Pero venía contando que a Jesús se le notaba ese algo especial. Qué campesino tan particular, me decía yo en las primeras entrevistas, cómo explica de bien todo, hay que traer a más turistas aquí, pensaba para mí.

¡Pero claro!, cultivador, investigador, pedagogo, coordinador de procesos, formulador y gestor de proyectos, si todo eso era Jesús; y fue su compañera la que tuvo que venir a abrirme los ojos, porque yo todavía no bajaba del asombro ante su solvencia explicativa atribuida tontamente por mí a un milagro, o a las propiedades de la tierra bajo sus pies, o a la calidad del aire que respiraba este campesino único llamado Jesús Pedraza.

Fue en la última cita que tuve ocasión de conversar extensamente con su esposa, nuestra última reunión efectivamente realizada, ya que para la siguiente visita programada la pandemia que volteó el mundo patas arriba y todavía nos tiene así, en modo coronavirus, vino a dar al traste con mis propósitos de verlo una vez más.

Un poco atontada todavía por la velocidad de las circunstancias, por la violencia del cambio que se nos ha impuesto, en este encierro que para mí ya completa 21 días, recuerdo el último mensaje de Jesús enviado por whatsapp en relación a nuestro compromiso: “estoy un poco indispuesto”, me dijo. Y yo entendí que podría ser que sus hijos o su pareja le hubieran advertido de los riesgos que corría, hombre ya mayor, si me recibía con mi visitante que, aunque llegado de Los Ángeles, igual era un turista y francés, para colmo de males. Y eso en tiempo de coronaparanoía hizo que todas nuestras visitas fueran canceladas, no solo la de la finca cafetera en Pijao, sino la del chocolate Santo Aroma en Belálcazar Caldas, y otras tantas parecidas.

Qué se le va a hacer, pensé en ese momento. Son malos tiempos para hacer turismo, me dije. Habrá que esperar a que esto pase, medité. Pero ya no estoy tan segura de ninguna de mis frases surgidas como una reacción inicial e ingenua frente a la tragedia que se nos vino encima.
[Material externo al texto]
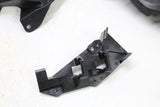 2017 Yamaha FZ10 OEM INNER FAIRING COWL TRIM COVER PANEL KIT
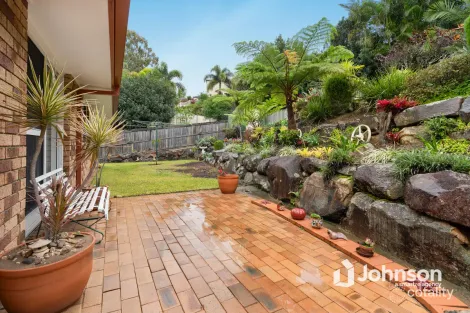 Property photo of 7 Bradfield Drive Brassall QLD 4305
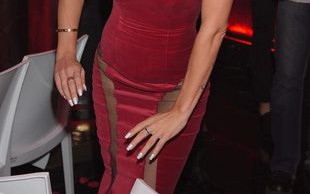 Agnieszka Szulim ma przeprosić rodziców Dody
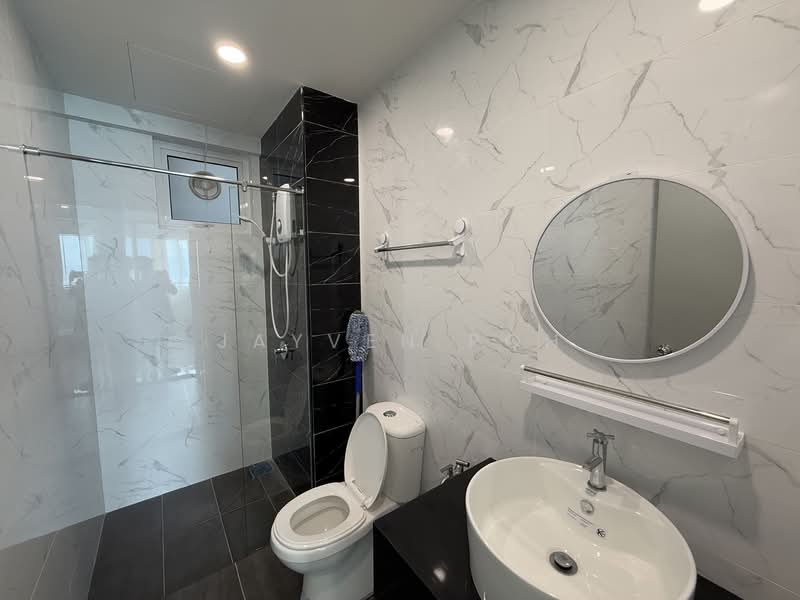 Condominium for Rent at The Zen - Jayven Poh - Bathroom - PropertyGuru.com.my
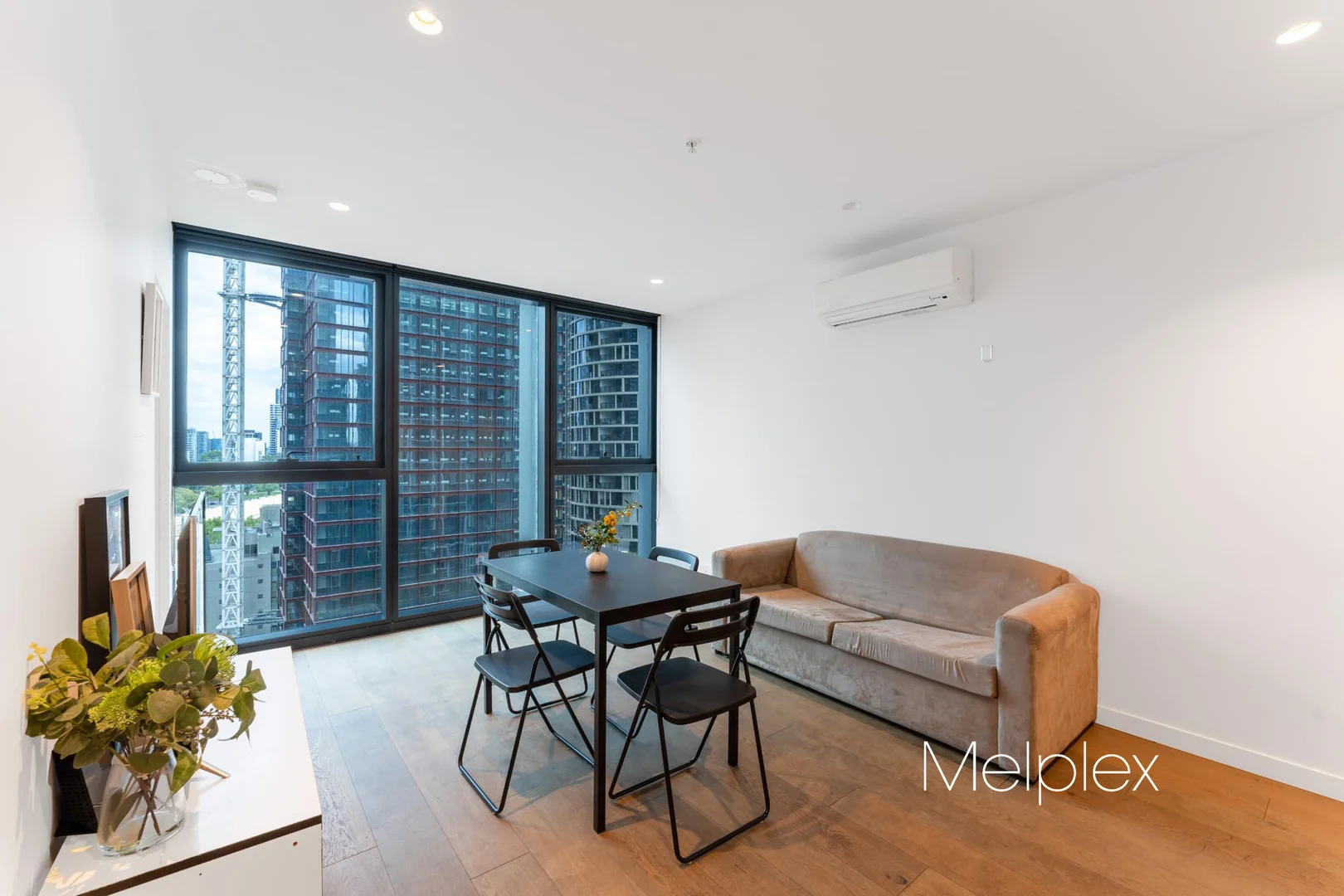 Additional image 4 of 1207/462 Elizabeth Street, Melbourne VIC 3000
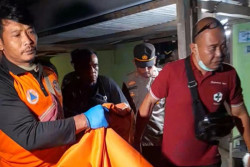 Tragis! Siswi SD di Jenar Sragen Tewas dengan Luka Sajam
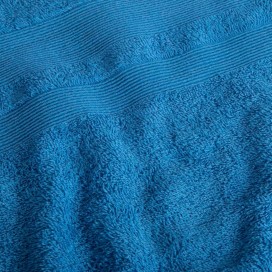 Toalla azafata de algodón – Rizo 400 g/m²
No obstante, me quedan los recuerdos, me digo para tranquilizarme. Las fotos, los videos, y la evocación feliz de una serpiente que se deslizó, delicada, por el talón de uno de mis turistas franceses favoritos, un médico calmado, persona especialmente espiritual que sólo dio un pequeño salto, mientras todos contemplábamos un poco entre risas y pavor a la culebra que, perturbada en su lugar de habitación, entre la espesura de diversidad y armonía de los cultivos ecológicos de la finca, se alejaba como queriéndonos decir ¡qué molestia ustedes!

Y a Jesús que nos advertía de dejarla ir, de no molestarla en su tranquilidad de siglos, para que la concordia que tanto le ha costado crear no se interrumpiera por un grito, por una voz  salida de tono, por alguna reacción violenta fuera de lugar, y más bien, pudiéramos continuar apreciando el flujo eterno del tiempo que va y viene, como el viento, en su bella finca de Pijao, Quindío, Colombia.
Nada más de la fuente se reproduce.